Going forward, we have a big project planned with Petronas – a petroleum company in Malaysia. Following the Malaysian government’s commitment to Net Zero Carbon Emissions by 2050, they are looking at renewable energy sources. And we are working with them on converting carbon dioxide using electrocatalysts. And there’s a strong possibility that we will produce liquid chemical products during the conversion, which would need to be characterized. It is very important to understand how much CO2 you are converting and which compounds you’re producing – which is where, again, the GC, LC (and LC-MS) comes in.

What is your “big-picture” vision for what you could achieve with your work? 

Thinking about the next few decades, carbon neutrality will be huge. I don’t think it will be possible to completely replace natural gas or petroleum by 2050, but I do think we’ll have a mixture. And I think hydrogen will be part of that mixture – perhaps powering electric vehicles. I believe this is possible, but we need green, efficient hydrogen production – and that’s what we’re aiming for. 

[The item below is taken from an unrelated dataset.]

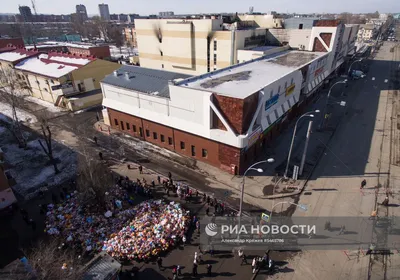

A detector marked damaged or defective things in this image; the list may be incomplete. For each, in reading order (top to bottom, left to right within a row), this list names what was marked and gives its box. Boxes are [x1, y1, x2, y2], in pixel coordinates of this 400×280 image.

burned roof [102, 65, 191, 98]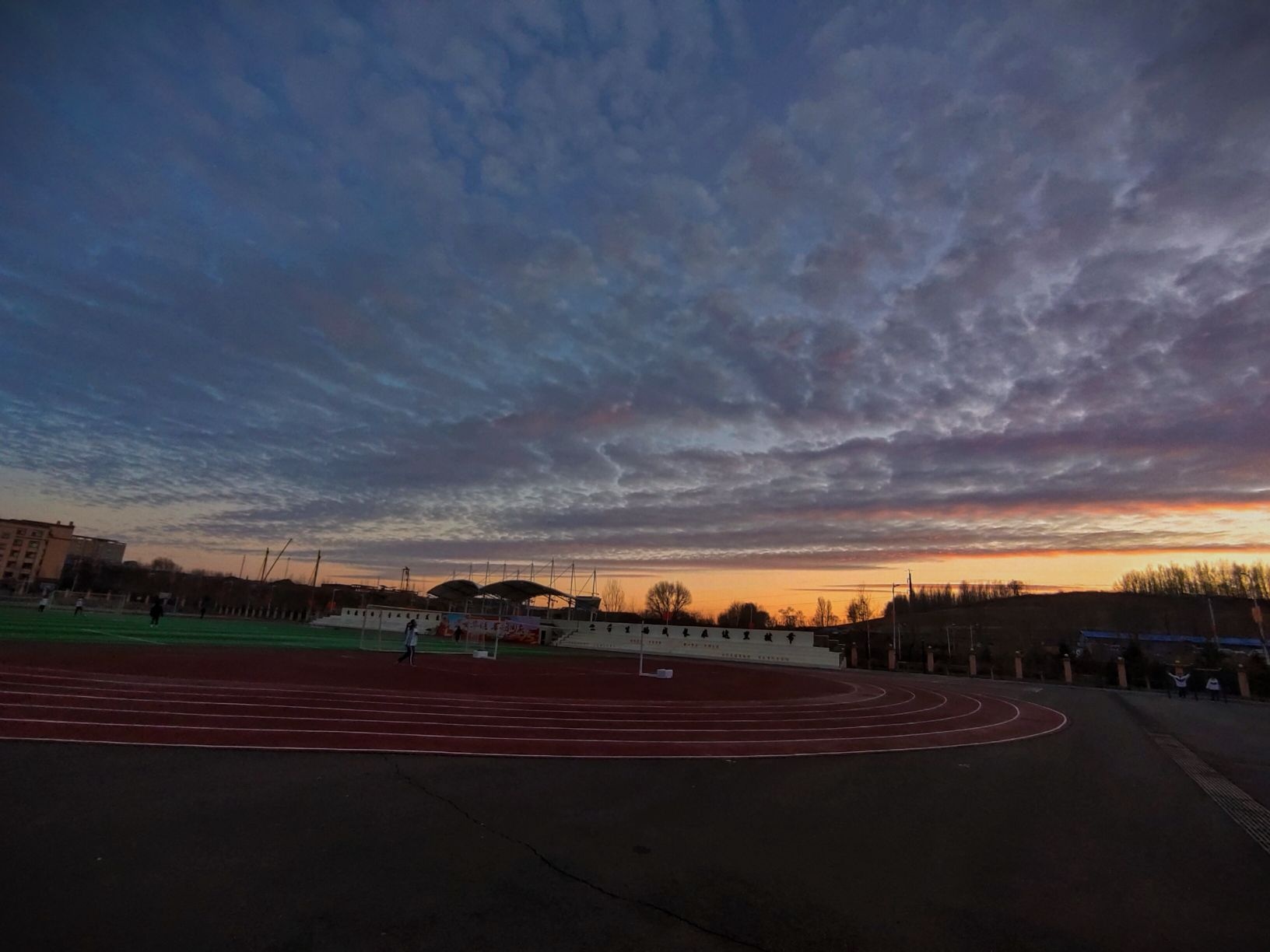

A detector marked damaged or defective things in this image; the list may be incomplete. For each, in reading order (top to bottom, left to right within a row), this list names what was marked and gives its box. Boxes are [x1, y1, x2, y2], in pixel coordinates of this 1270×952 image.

In the near term, we are in discussions with NanoMalaysia Berhad, an agency within the Ministry of Science, Technology, and Innovation (MOSTI), to show them that we can produce hydrogen from a catalyst using sunlight to power a fuel cell, which we can use to power a light in a special MADANI program. We will then roll out the technology as part of a pilot project in a village in the state of Johor to sustainably power streetlights. I’m incredibly excited about the prospect of our technology being applied commercially in this way; but it is, hopefully, just the beginning! 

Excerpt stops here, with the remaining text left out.